- _Description of the task_: Among the entries that follow, locate the line with "My Dad Is Too Strong Chapter 117 Gambar 5" and the line with "Весело. День рождение.". Output those lines and all lines in between, exactly, minus the pictures.

- _Given data_:
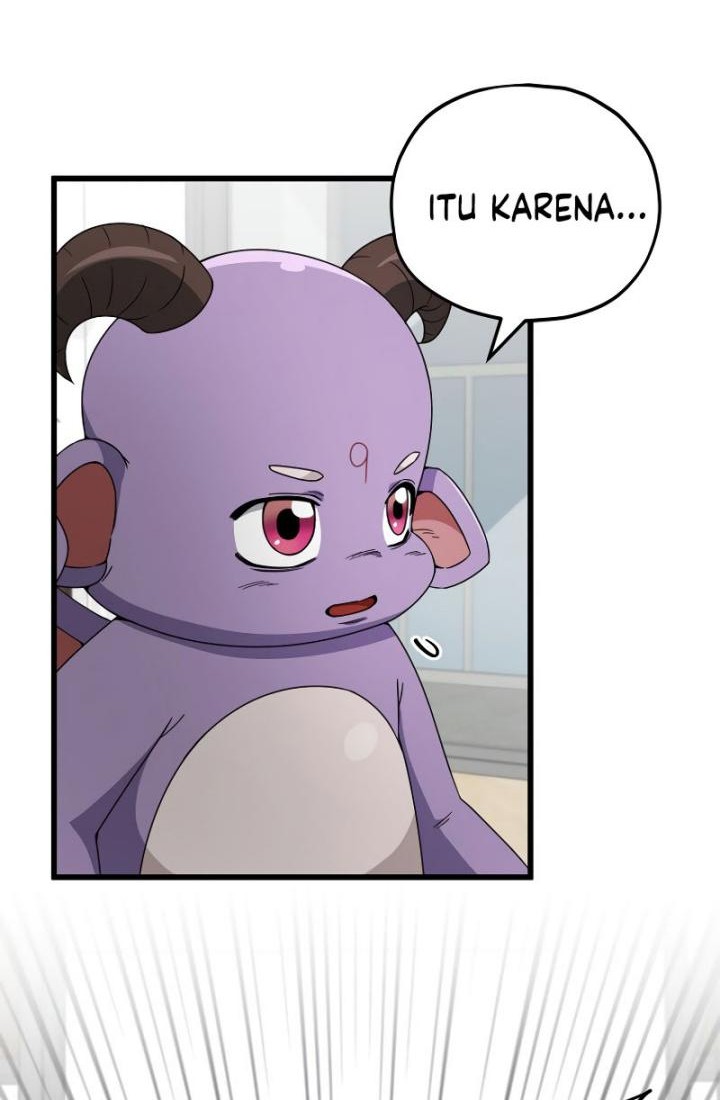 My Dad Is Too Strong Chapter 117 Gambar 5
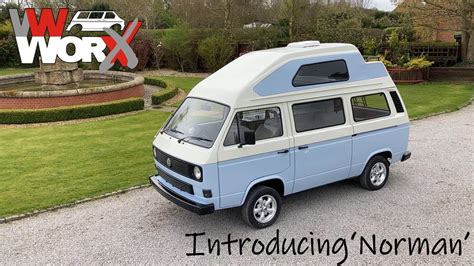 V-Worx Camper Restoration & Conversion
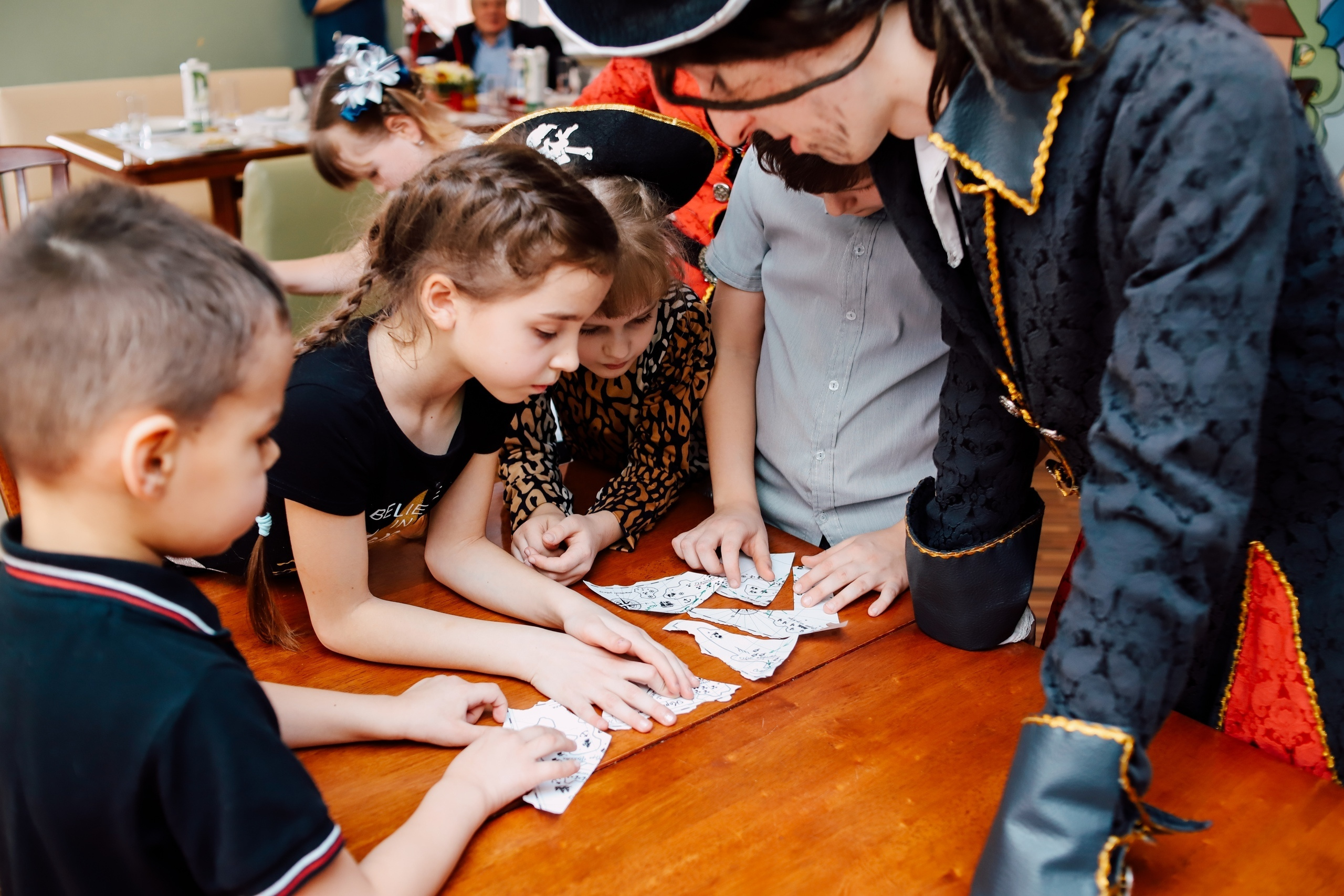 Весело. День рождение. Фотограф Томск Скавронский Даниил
==
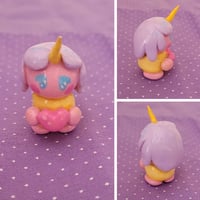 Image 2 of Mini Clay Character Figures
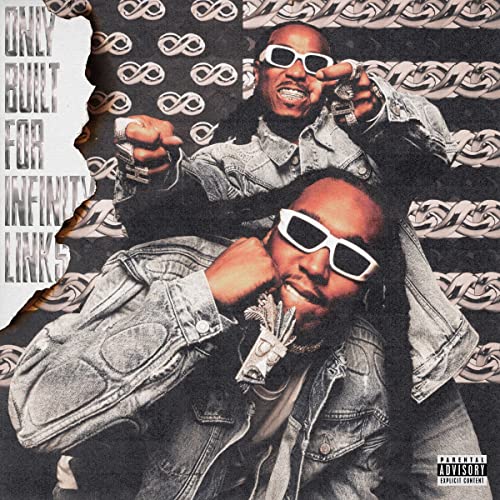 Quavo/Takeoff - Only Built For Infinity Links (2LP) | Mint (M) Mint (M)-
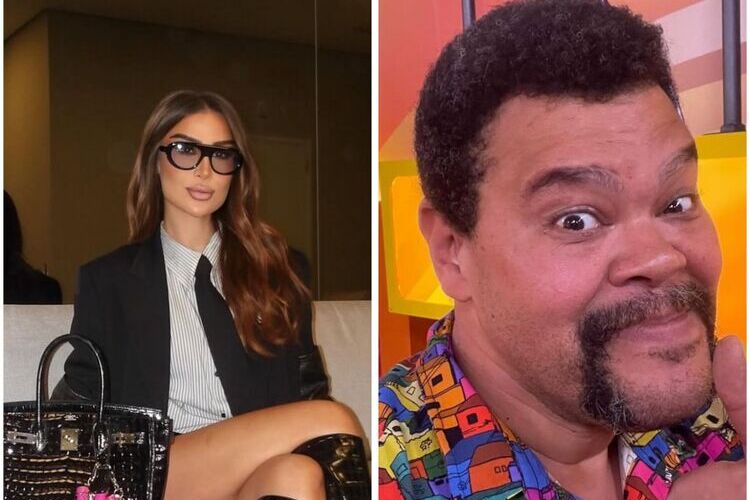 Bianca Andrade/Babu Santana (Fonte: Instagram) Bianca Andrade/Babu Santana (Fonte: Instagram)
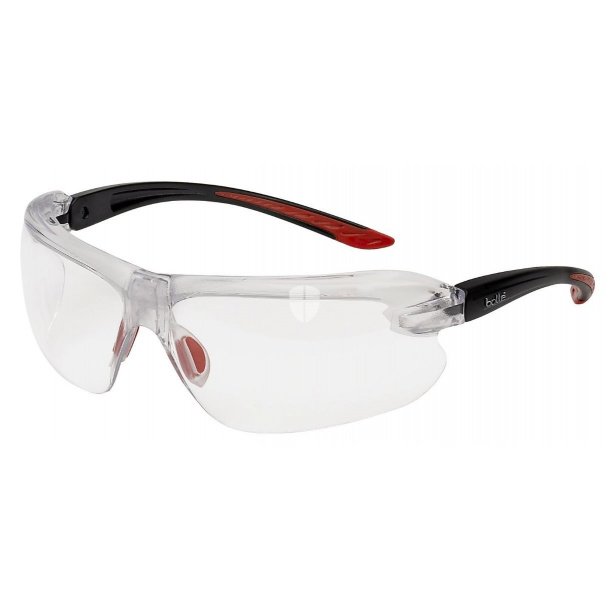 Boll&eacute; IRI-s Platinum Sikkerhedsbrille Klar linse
---
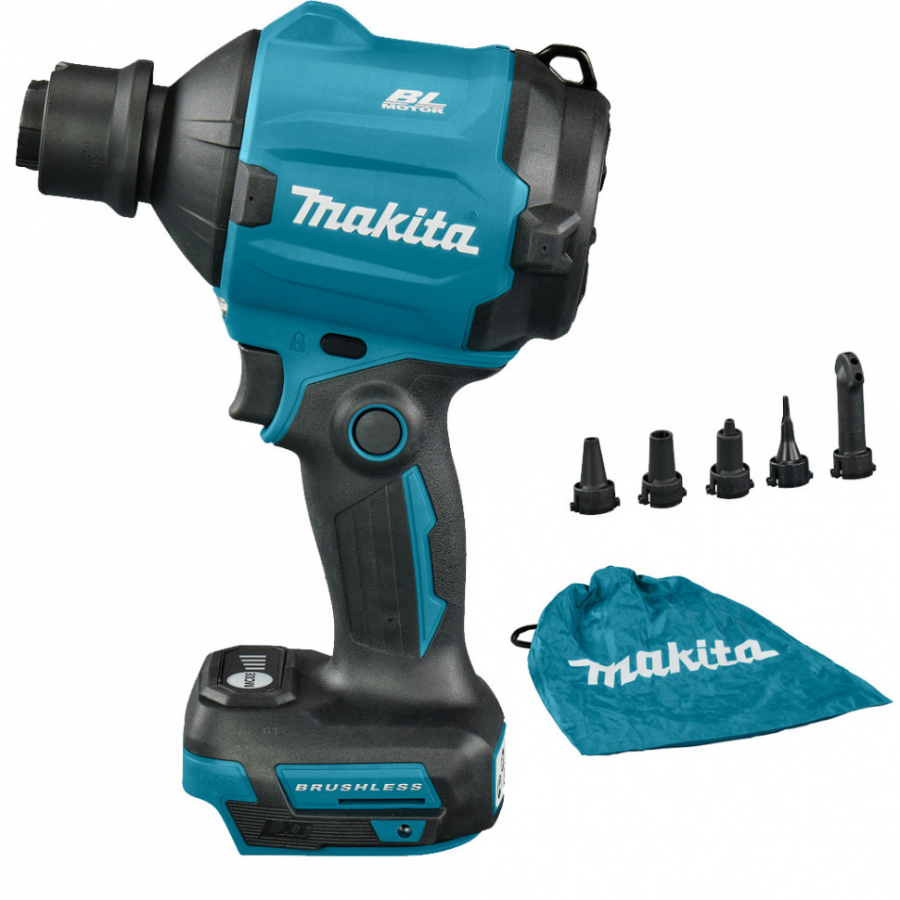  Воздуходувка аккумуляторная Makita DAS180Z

- _Result of this exercise_:
 My Dad Is Too Strong Chapter 117 Gambar 5
 V-Worx Camper Restoration & Conversion
 Весело. День рождение. Фотограф Томск Скавронский Даниил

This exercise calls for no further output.